The optical tube length—the distance between the eyepiece and the objective in use—can differ depending on the microscope. If the microscope has a fixed optical tube length (usually 160 mm), the objectives used should have “160” engraved on them (see Fig. 18.6). On some microscopes, one can change the tube length when placing devices such as a polarizer or a Nomarski prism between the objective and the eyepiece. Use of these devices requires objectives designed for infinity correction or lenses corrected to maintain the tube length of 160 mm optically. Objectives designed for infinity correction have an infinity symbol (∞) engraved on them.

Some objectives are designed to be used with a coverglass. If a coverglass is required, its thickness is engraved on the lens after the optical tube length (e.g., 160/0.17). Objectives that do not use a coverglass are designated with a dash (e.g., ∞/− or 160/−). A third type of objective is designed to be used with or without a coverglass. These objectives have no inscription for coverglass thickness; rather, they have a correction collar on them with which to adjust and fine focus the lens appropriately for either application.

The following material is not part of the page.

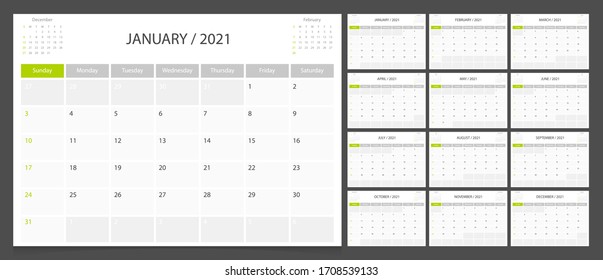 Календарь 2021 неделя начинается в воскресенье шаблон планировщика корпоративного дизайна.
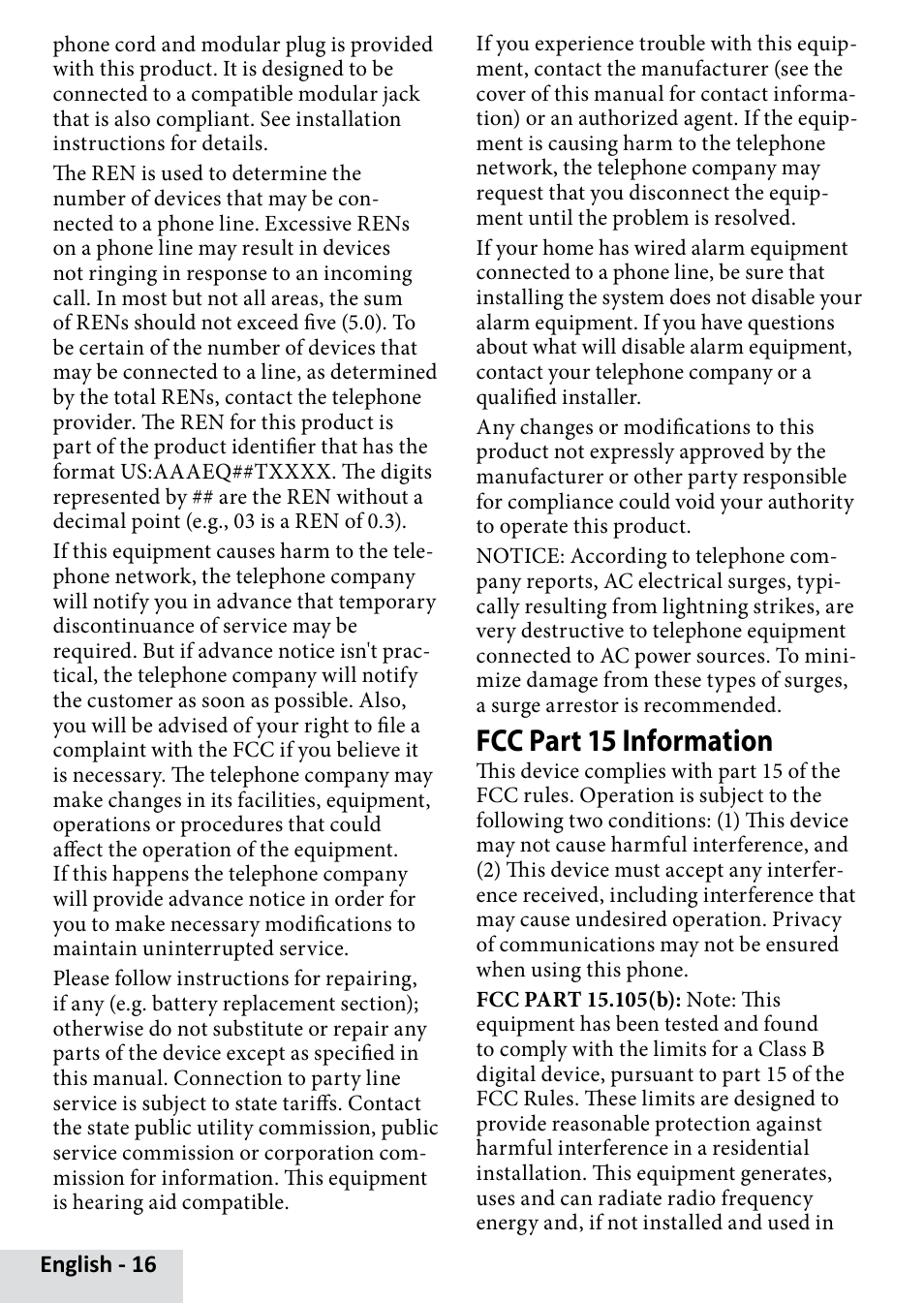 Fcc part 15 information | Uniden D1660 User Manual | Page 16 / 18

Objectives are corrected for two types of aberrations: chromatic and spherical. Chromatic aberration occurs because different wavelengths of light bend at different angles after passing through a lens (Fig. 18.7). This results in a specimen image with undesired color fringes. Objectives corrected to bring the red and blue components of white light to the same focus are called achromats and may not have a designation engraved on them. Objectives that bring red, blue, and green light to a common focus are termed apochromats and are identified by the inscription “apo.” Spherical aberration occurs when light rays pass through different parts of the lens and therefore are not brought to the same focus (Fig. 18.8). As a result, the specimen image appears blurred and cannot be focused sharply. Objectives are corrected to bring all light entering the lens, regardless of whether the light is at the center or the periphery, to the same central focus. Achromat objectives are corrected spherically for green light, whereas apochromats are corrected spherically for green and blue light.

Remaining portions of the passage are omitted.